今回の対策の柱は、「初期消火」「再燃防止」です。

ファイアーブランケット(防火毛布)

  • 各新幹線車両のデッキ部に設置
  • 消火器とセットで配置
  • 発煙・発火したモバイルバッテリーなどを覆って酸素を遮断し、延焼を防止

編成両数に応じて複数枚が用意され、16両編成では30枚以上が配備されるケースもあるとのことです。

バケツ

  • 乗務員が使用する業務スペースなどに設置
  • 初期消火後、発煙物を水没させて再燃を防ぐ目的
  • 編成ごとに複数個を配置予定

これまで新幹線車内には消火器が設置されていましたが、リチウムイオン電池特有の「再発火リスク」に対応する装備は、事実上今回が初めてとなります。


全編成への配備は2026年8月までに完了予定

JR各社によると、これらの防火用品は
2026年8月までに、すべての新幹線編成へ配備完了を目指すとしています。

スピード感のある対応からも、

  • モバイルバッテリー事故が「想定内のリスク」になった
  • 新幹線でも日常的に起こりうる問題として認識され始めた
    ことがうかがえます。

利用者側にも求められる「意識」

今回の事故は、誰にでも起こり得る出来事です。
モバイルバッテリーは非常に便利な反面、

  • 強い衝撃
  • 高温環境
  • 劣化や粗悪品の使用

といった条件が重なると、突然発煙・発火することがあります。
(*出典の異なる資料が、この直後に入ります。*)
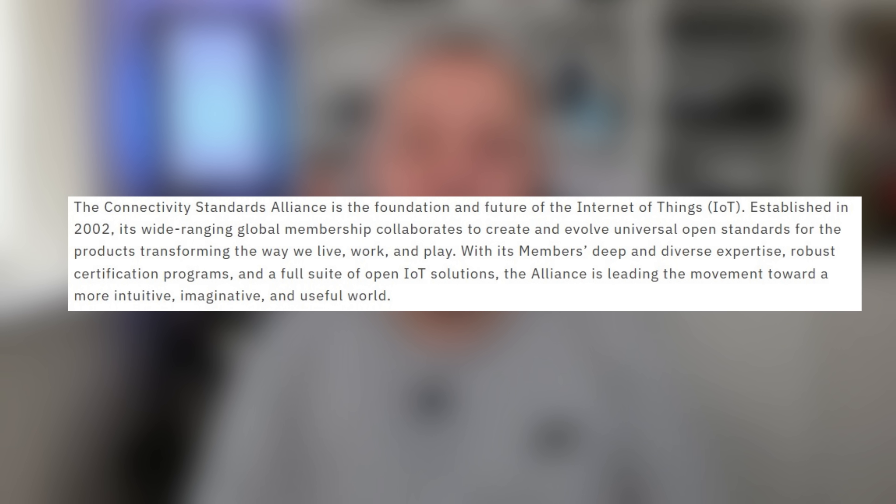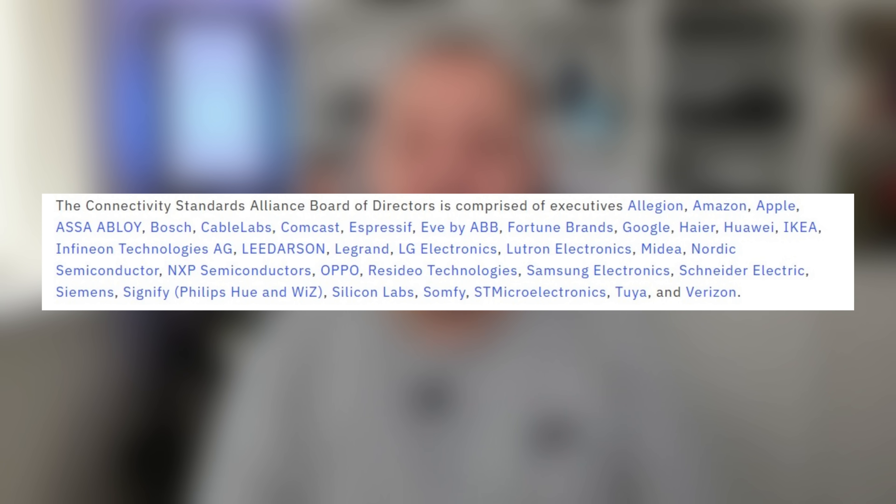So who or what is the CSA? Well it was founded in 2002 and basically the members of the Alliance collaborate to ensure that there are open standards for the smart home products we use in our homes. It has companies such as Apple, Amazon, Google, Ikea, Philips and Samsung to name just a few as board members, and it was formed out of the previously named ZigBee Alliance. It was also the CSA that introduced Matter to us all.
インターネット上では、品質の悪い製品を使用することが悪いという意見をよく耳にしますが、安全基準をクリアした「丸形PSEマーク」の付いたリチウムイオン電池であっても、強い衝撃を与えたり古くなったものであれば少しのことで発火のリスクがあり大変危険です。

新幹線という閉鎖空間では、初動の数分が安全を左右します。
異変を感じたら、すぐに乗務員へ知らせる――
この基本的な行動が、被害を最小限に抑えることにつながります。


最近、ナトリウムイオン電池を使用したモバイルバッテリーについての記事を見かけますが、こちらについては飛行機への持ち込みは制限ではなく禁止となっています。

まとめ

これまで「飛行機だけの話」と思われがちだったモバイルバッテリー対策が、
ついに新幹線でも本格化しました。

今回のJR5社の対応は、
「事故が起きてから考える」のではなく、
「次を起こさないための現実的な備え」として評価できそうです。

今後は在来線特急や観光列車など、
他の車両区分へも同様の対策が広がるのか――
引き続き注目していきたいところです。